Task directions: From the material below, please set down exactly the lines starting with the one with "Jeep Wrangler Wrangler" and going on through the one with "Bramy garażowe na", without a single picture.

Input:
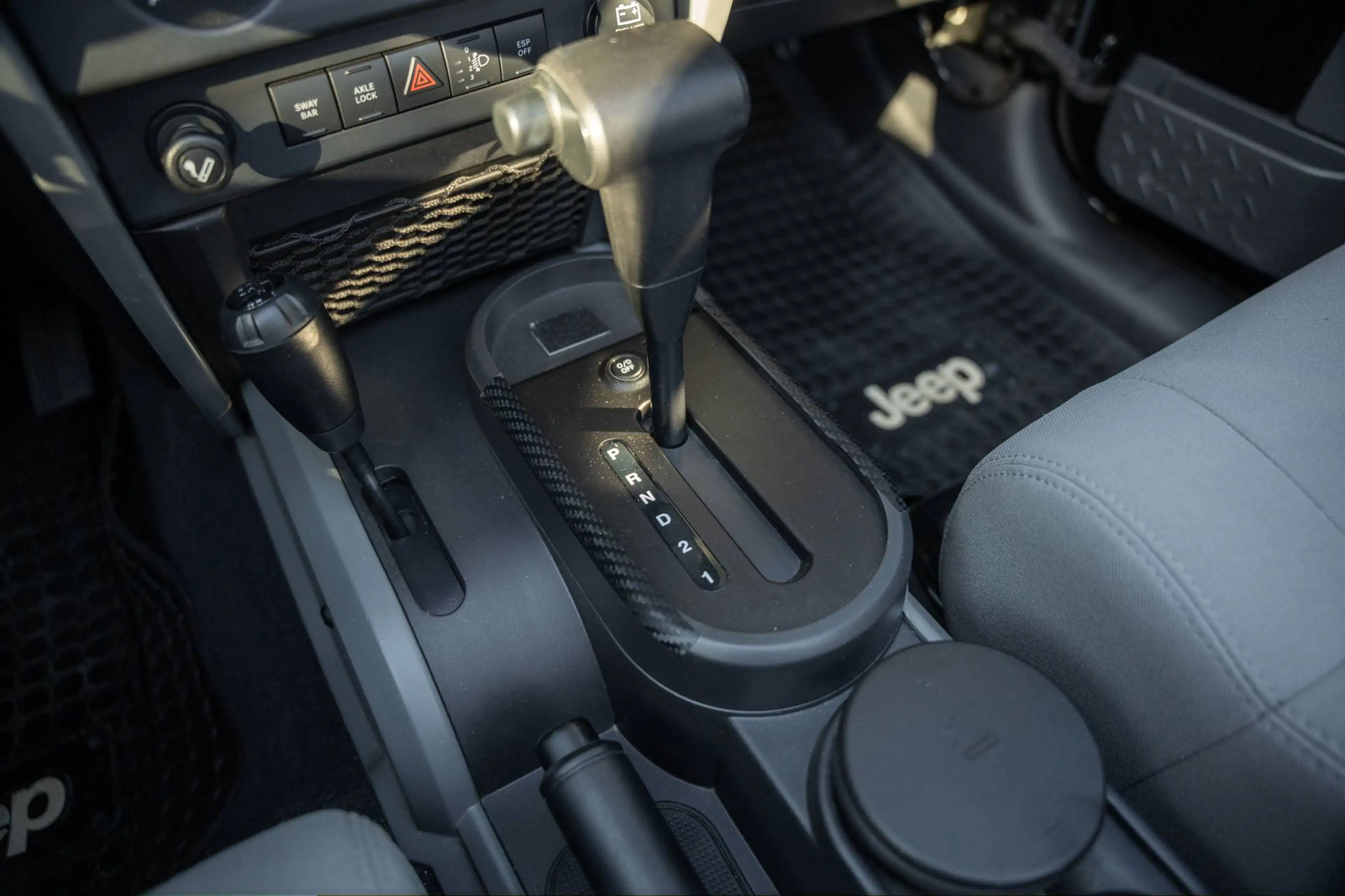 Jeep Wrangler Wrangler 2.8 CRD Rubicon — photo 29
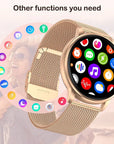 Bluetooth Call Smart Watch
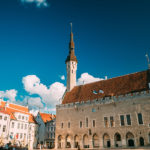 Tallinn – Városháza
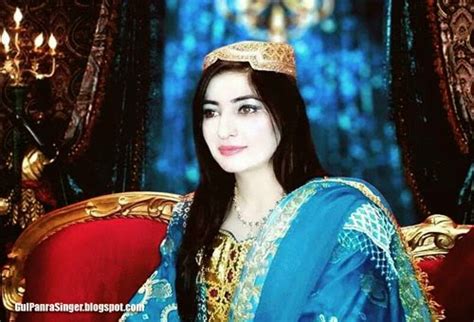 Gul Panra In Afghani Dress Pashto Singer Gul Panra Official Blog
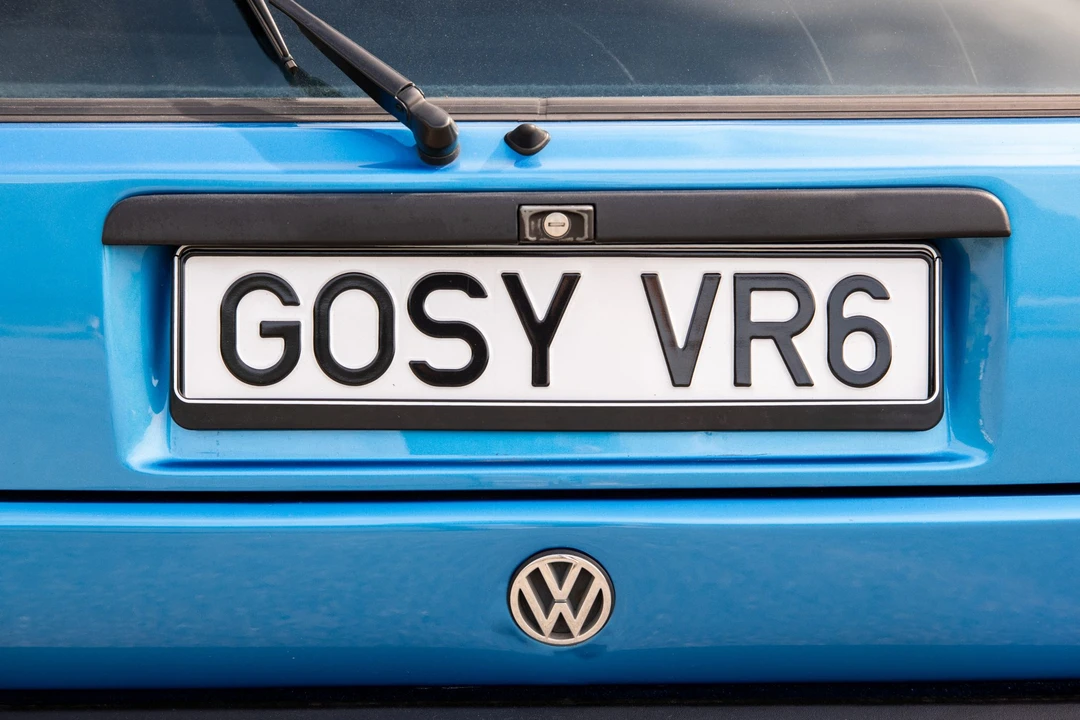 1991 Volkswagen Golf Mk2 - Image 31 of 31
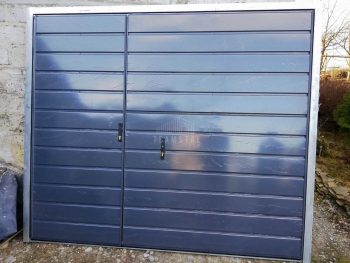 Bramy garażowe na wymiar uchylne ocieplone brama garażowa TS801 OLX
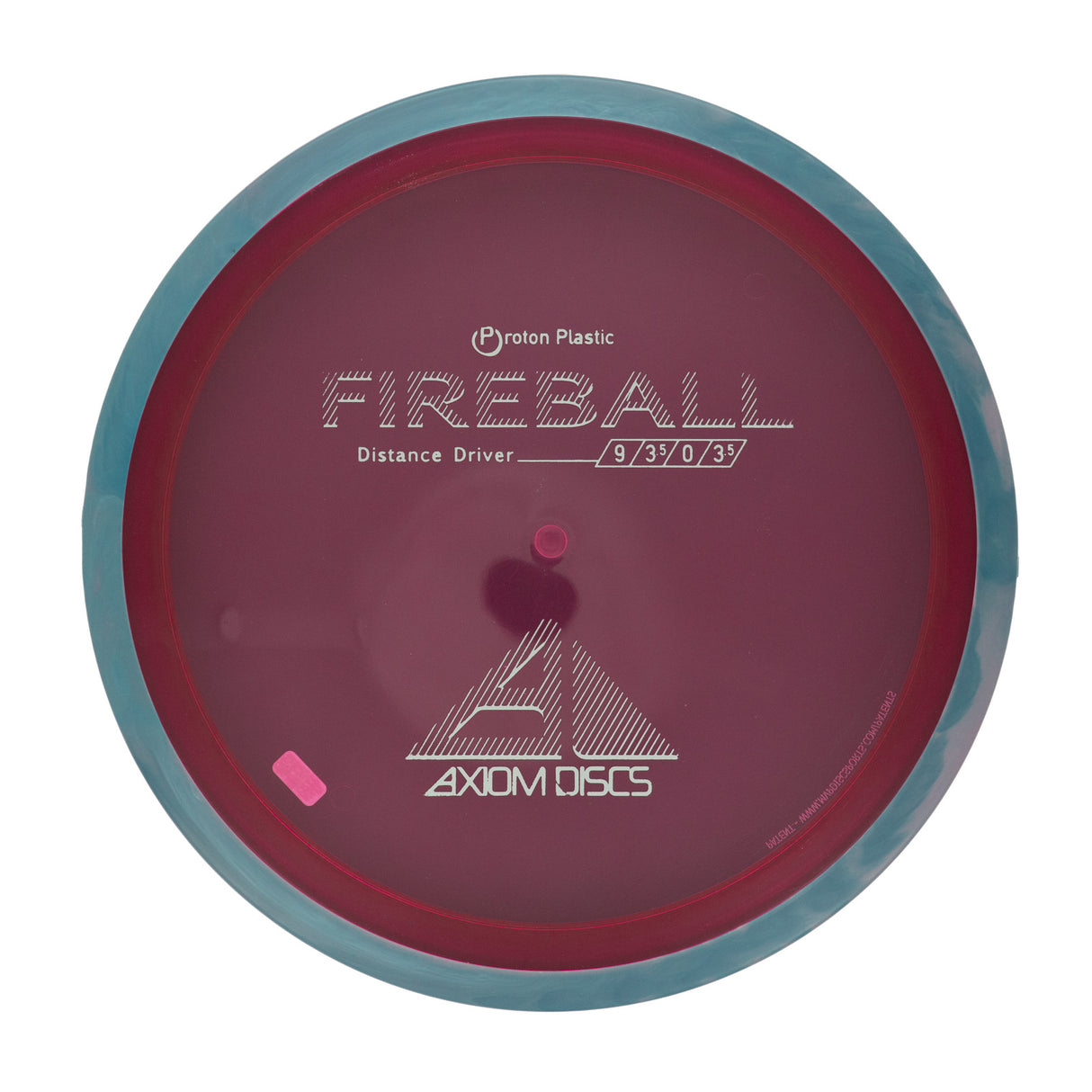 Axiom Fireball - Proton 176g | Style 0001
--
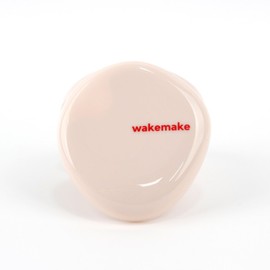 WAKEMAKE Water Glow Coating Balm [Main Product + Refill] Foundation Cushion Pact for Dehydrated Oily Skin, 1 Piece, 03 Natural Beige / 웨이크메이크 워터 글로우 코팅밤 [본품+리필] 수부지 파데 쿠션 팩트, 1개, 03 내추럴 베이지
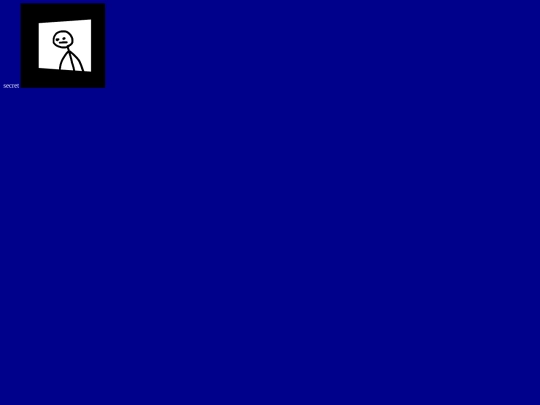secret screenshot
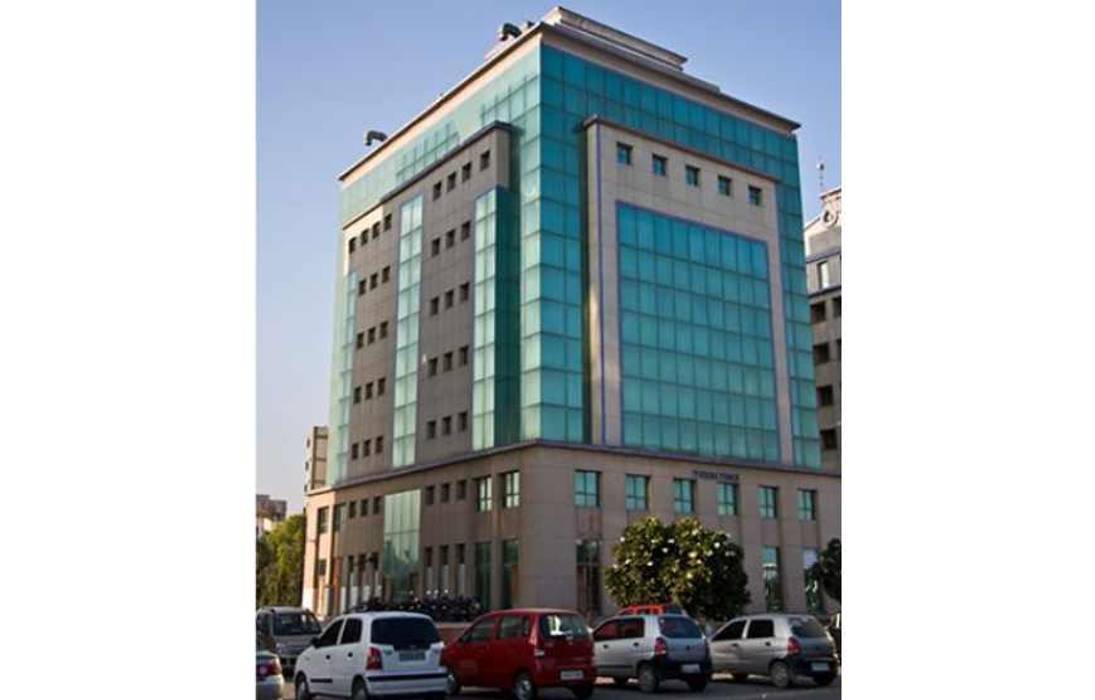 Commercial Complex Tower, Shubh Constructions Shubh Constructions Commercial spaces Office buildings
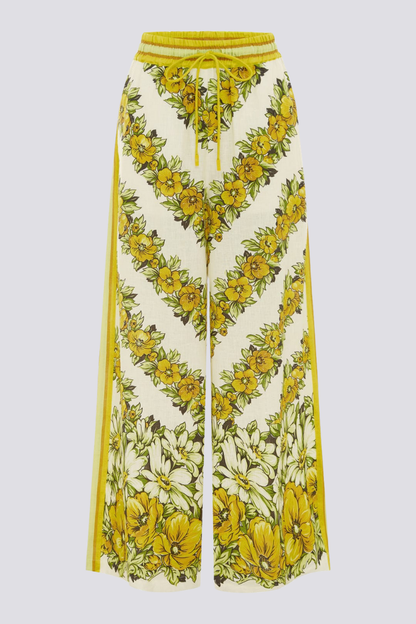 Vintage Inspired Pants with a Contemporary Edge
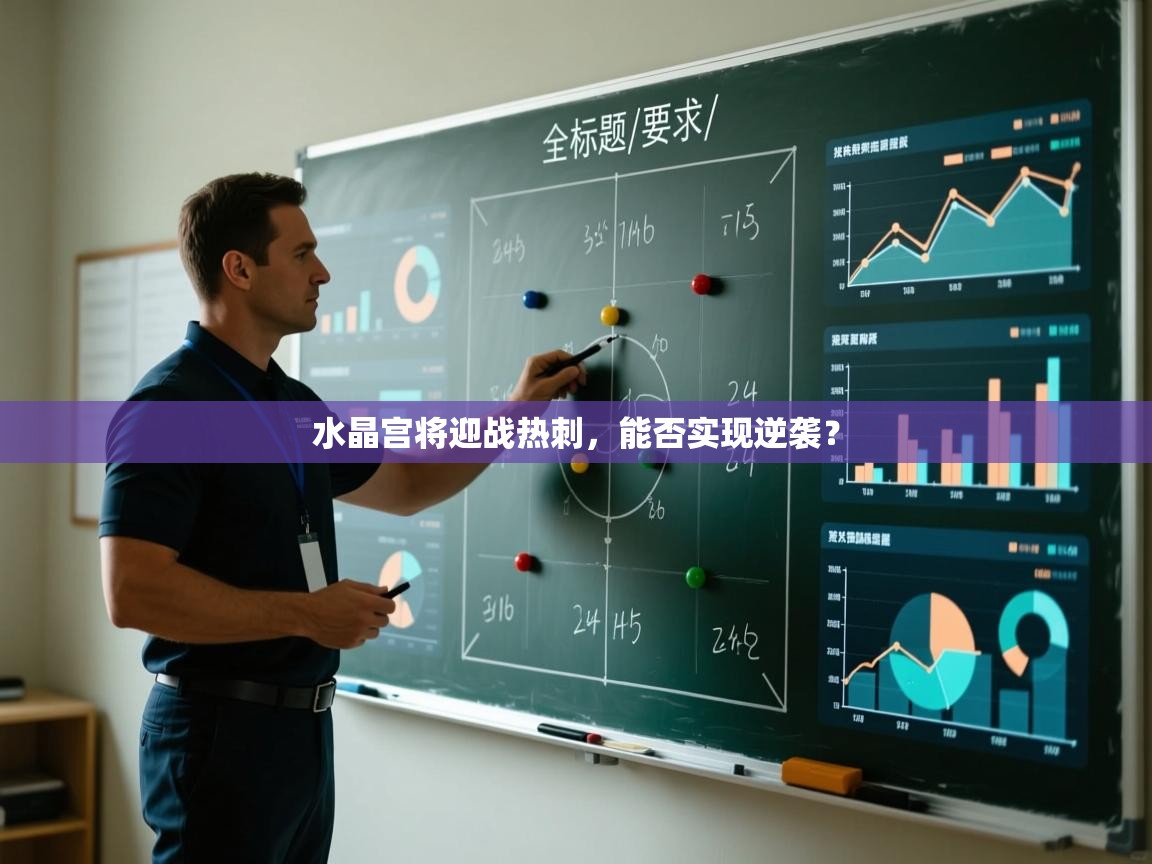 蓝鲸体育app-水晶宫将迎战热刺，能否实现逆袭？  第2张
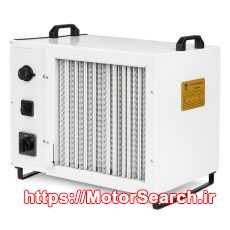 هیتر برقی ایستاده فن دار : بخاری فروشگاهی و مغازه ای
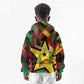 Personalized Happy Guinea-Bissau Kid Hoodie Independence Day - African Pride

Answer space:
 Jeep Wrangler Wrangler 2.8 CRD Rubicon — photo 29
 Bluetooth Call Smart Watch
 Tallinn – Városháza
 Gul Panra In Afghani Dress Pashto Singer Gul Panra Official Blog
 1991 Volkswagen Golf Mk2 - Image 31 of 31
 Bramy garażowe na wymiar uchylne ocieplone brama garażowa TS801 OLX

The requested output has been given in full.